Hodei Alutiz

Personal information
- Full name: Hodei Alutiz Salgado
- Date of birth: 26 April 2003 (age 22)
- Place of birth: Vitoria-Gasteiz, Spain
- Height: 1.78 m (5 ft 10 in)
- Position: Right-back

Team information
- Current team: Mirandés B
- Number: 2

Youth career
- Alavés
- La Charca

Senior career*
- Years: Team / Apps / (Gls)
- 2022–: Mirandés B / 92 / (1)
- 2025–: Mirandés / 0 / (0)

= Hodei Alutiz =

Spanish footballer (born 2003)

Hodei Alutiz Salgado (born 26 April 2003) is a Spanish footballer who plays as a right-back for CD Mirandés B.

==Career==
Born in Vitoria-Gasteiz, Álava, Basque Country, Alutiz played for Deportivo Alavés and CD La Charca (an affiliate of CD Mirandés) as a youth. He made his senior debut with the reserve team of the Jabatos on 20 March 2022, coming on as a late substitute in a 2–0 Tercera División RFEF away win over Ciudad Rodrigo CF.
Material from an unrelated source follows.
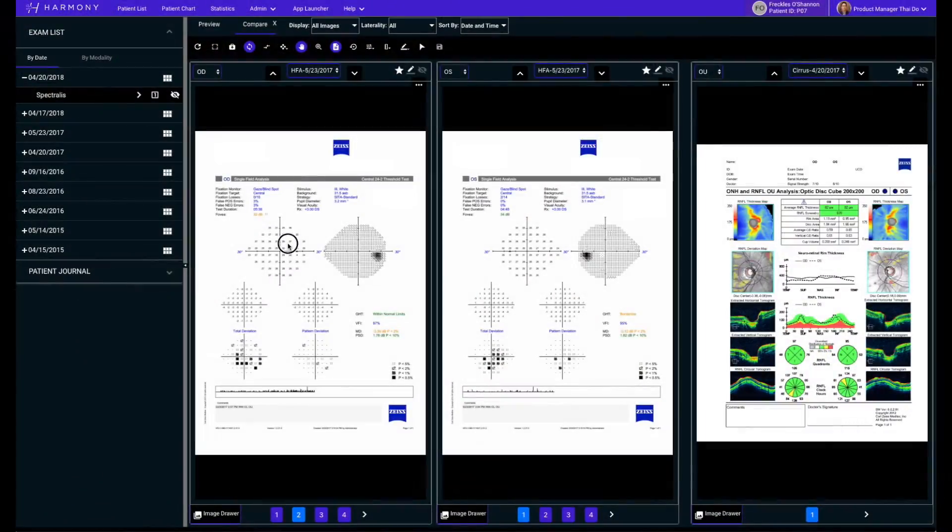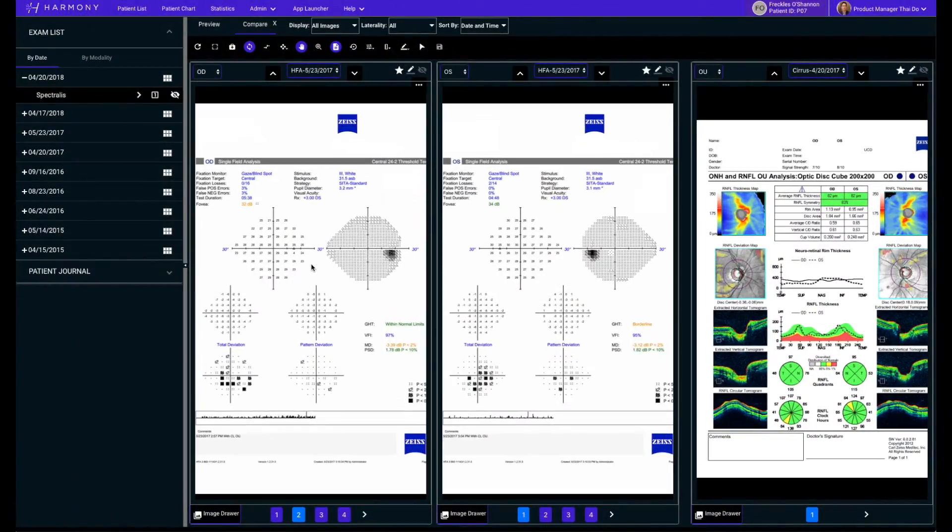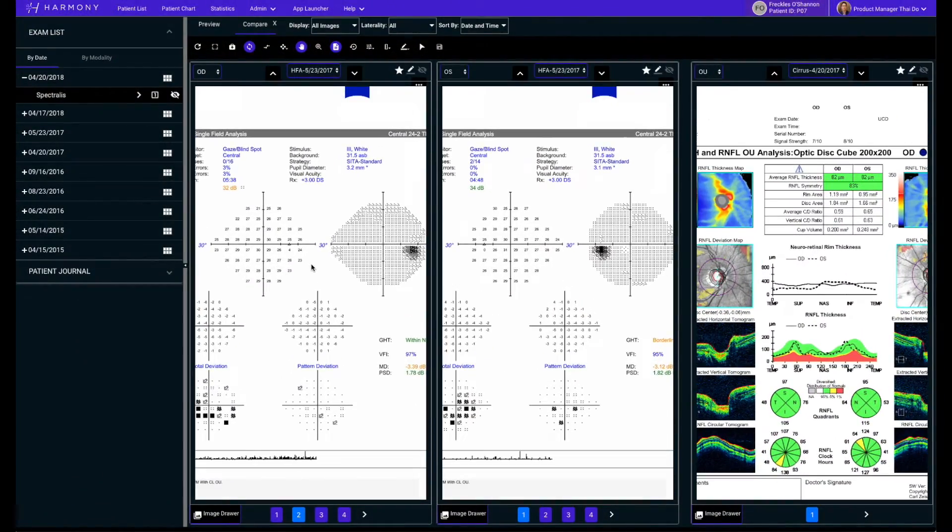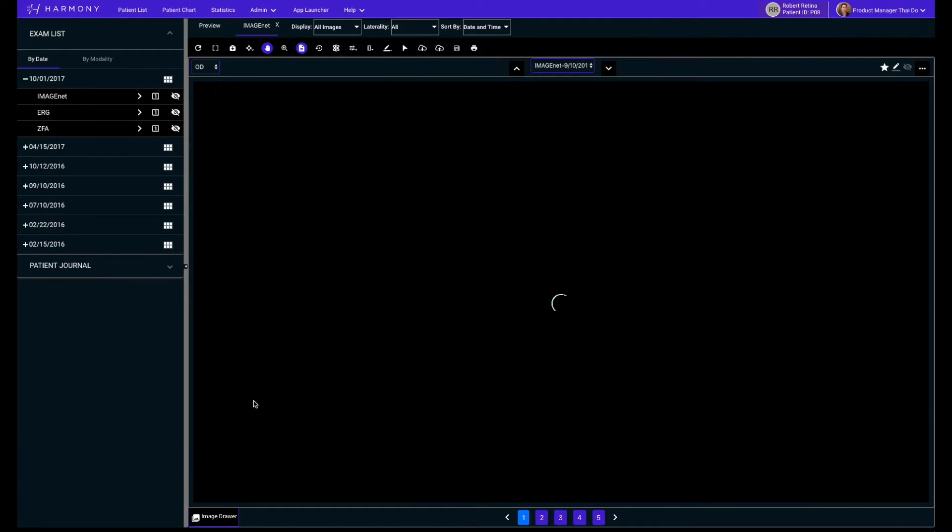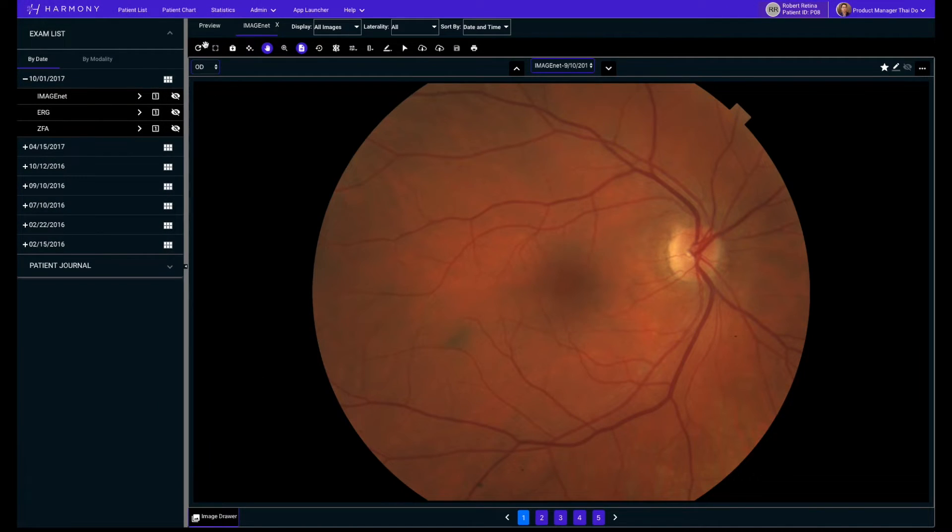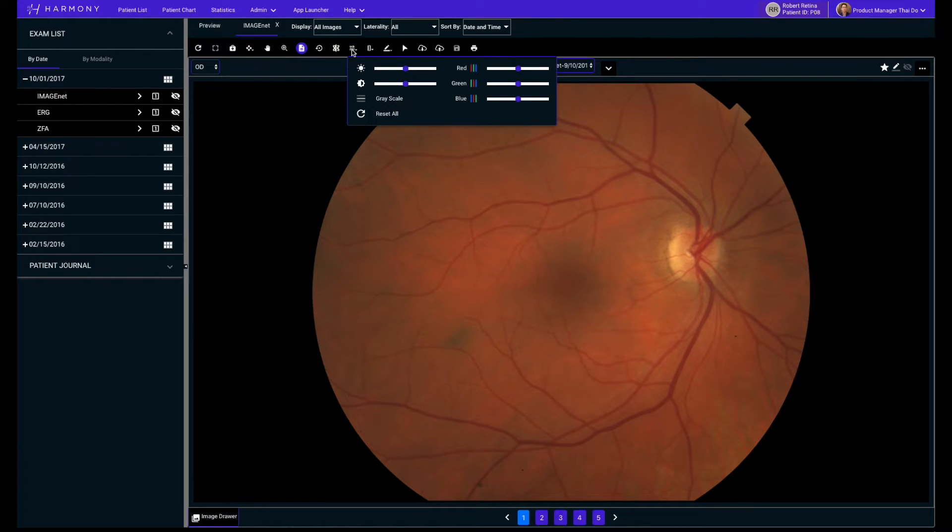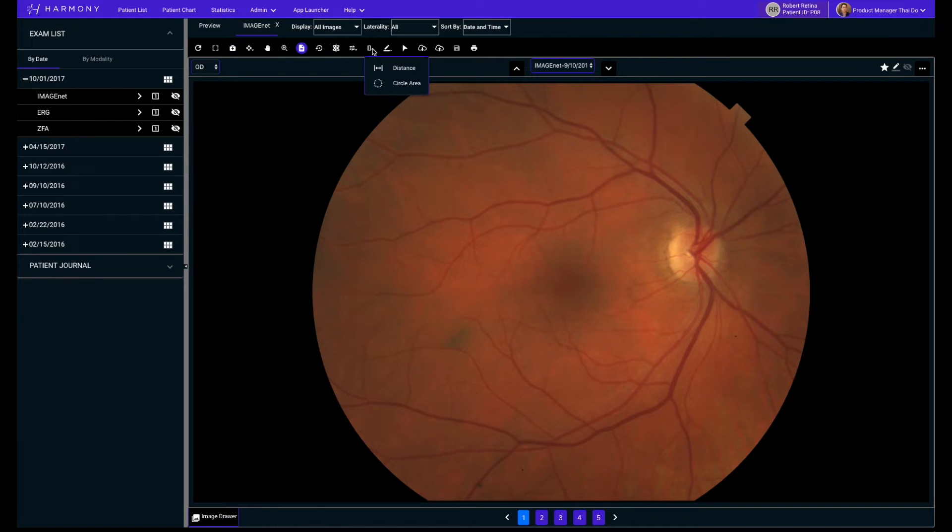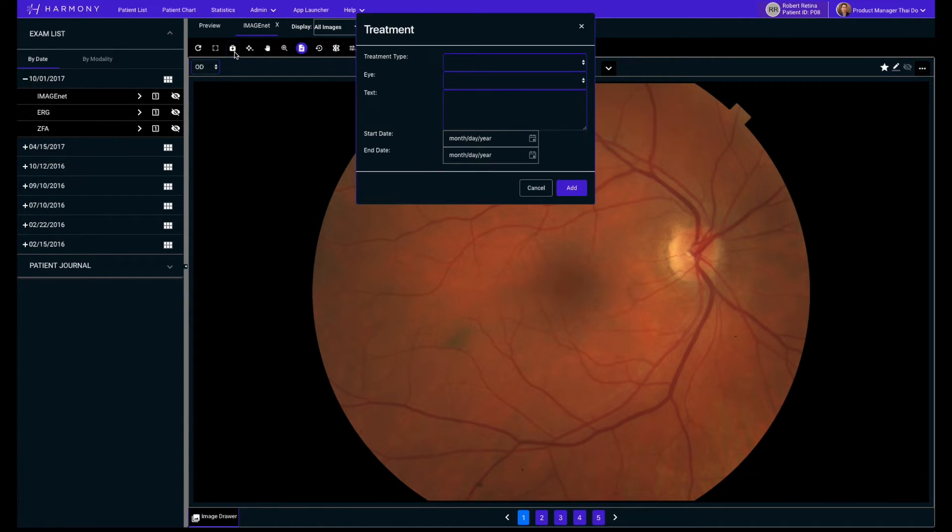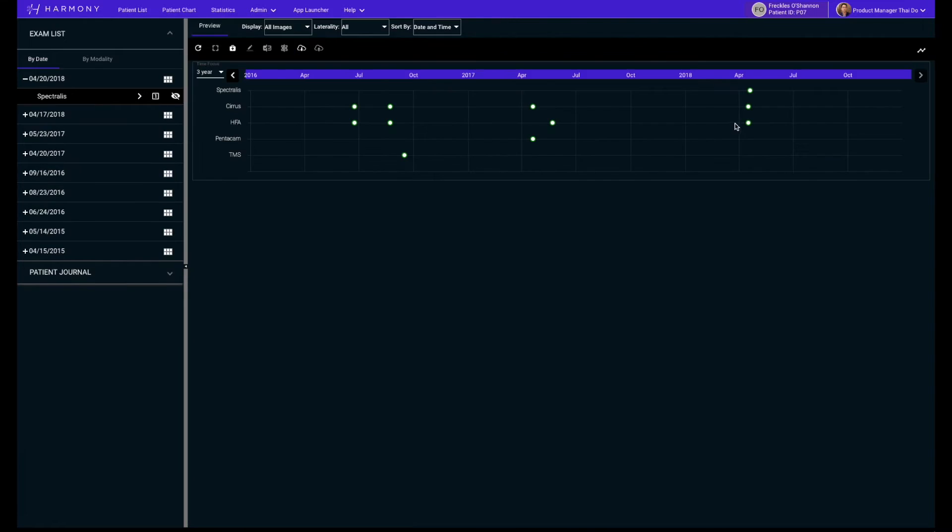You can even select images from any modality for comparison. Across the top you will find a variety of image manipulation tools like annotations, color filtering, brightness and contrast enhancements, and measurements. You can even input treatment notes.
Definitely promoted to the B-side in July 2022, Alutiz established himself as a regular starter, and subsequently became team captain. He made his first team debut on 29 October 2025, replacing fellow debutant Aarón Cámara at extra-time in a 1–1 away draw (4–3 penalty win) against Atlético Astorga FC, for the season's Copa del Rey.

Alutiz made his professional debut on 3 December 2025, starting in a 2–0 home loss to Sporting de Gijón, also for the national cup.